Mais ça faisait bien des lustres, qu'elle avait commencé à s'habituer à vivre derrière une expression. Et elle n'y trouvait aucun intérêt à embellir son image pour de telles personnes. Et puis...

Emma était son amie. Et elle comptait le rester.

— ...

— Désolée de t'avoir crié dessus.

—...( sourit ) Non ça va c'était pas voulu.

Bien des élèves se mirent à commérer se disant presque tous qu'Emma était bien trop indulgente.

Emma. Sa première amie. Comment avaient-elles fait pour en venir à des relations aussi étroites et toxiques ?

Je m'en souviens.

À cause d'une phrase. On ne voit jamais à quel point elle peut changer le cours des choses. Une phrase.

Et une phrase placée au bon moment, au bon état d'esprit et de la bonne manière peut changer une vie.

— Emma tu es orpheline ?

— Oui je vis avec mon grand frère.

— C'est triste. Moi mon père est parti trèèès loin. Je vis avec ma mère. Elle est méchante, elle ne me comprends jamais.

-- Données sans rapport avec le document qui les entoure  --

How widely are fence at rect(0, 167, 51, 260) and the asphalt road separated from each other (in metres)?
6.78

Je la déteste.

— Tu ne devrais pas dire ça tu sais ?

— Je voudrais qu'elle meure.

— Ah...Alley...je peux t'appeler Alley ? Quand ton père arrivera.. tout changera.

— Ah bon tu trouves ?

— Oui !

Lorsqu'elle se faisait traiter de raciste et homophobe.

— Quand ton père sera là tout changera.

Lorsqu'elle se faisait embusquer.

— Quand ton père sera là tout changera.

Lorsque ses notes baissaient.

— Quand ton père sera là tout changera.

Pour tout et n'importe quoi.

— Quand ton père arrivera tout changera.

***

Cette soudaine pensée la réveilla.

Se redressant quelques mèches rebelles de son sommeil. Elle jeta un œil à son téléphone.

Dix neuf heures deux.

Son rêve lui rappela une primordialité.

Elle prit son téléphone et composa le numéro qu'à la longue le connaissait déjà par cœur.

La ligne était occupée. Encore.

Alors elle entra le deuxième numéro. On décrocha. Encore. Elle répondit avec enthousiasme. Encore. Et son espoir s'envola. Encore.

— Allô ? Mlle Hellfrost ? Je suis désolé mais Monsieur se repose.

— Aujourd'hui aussi ?

— Oui désolé. Vous savez c'est la fin d'année et nous recevons beaucoup de clients.

— Je veux juste lui parler une fois.

— Appelez demain ou la semaine prochaine !

— Attendez...

[Bip]

Le bruit de l'interruption de la communication. Remise en raccrochant. A raisonné dans sa tête.

Encore.

Depuis plus de six ans. Entendant sans cesse ce bruit aigu depuis trois ans et demi. Objectant l'idée d'avoir été oubliée. Obnubilée par la figure paternelle. Refusant l'idée de considérer sa situation comme une parjure. Les émotions mitigés.

Machinalement, elle s'assit sur le lit. Et regarda la pièce.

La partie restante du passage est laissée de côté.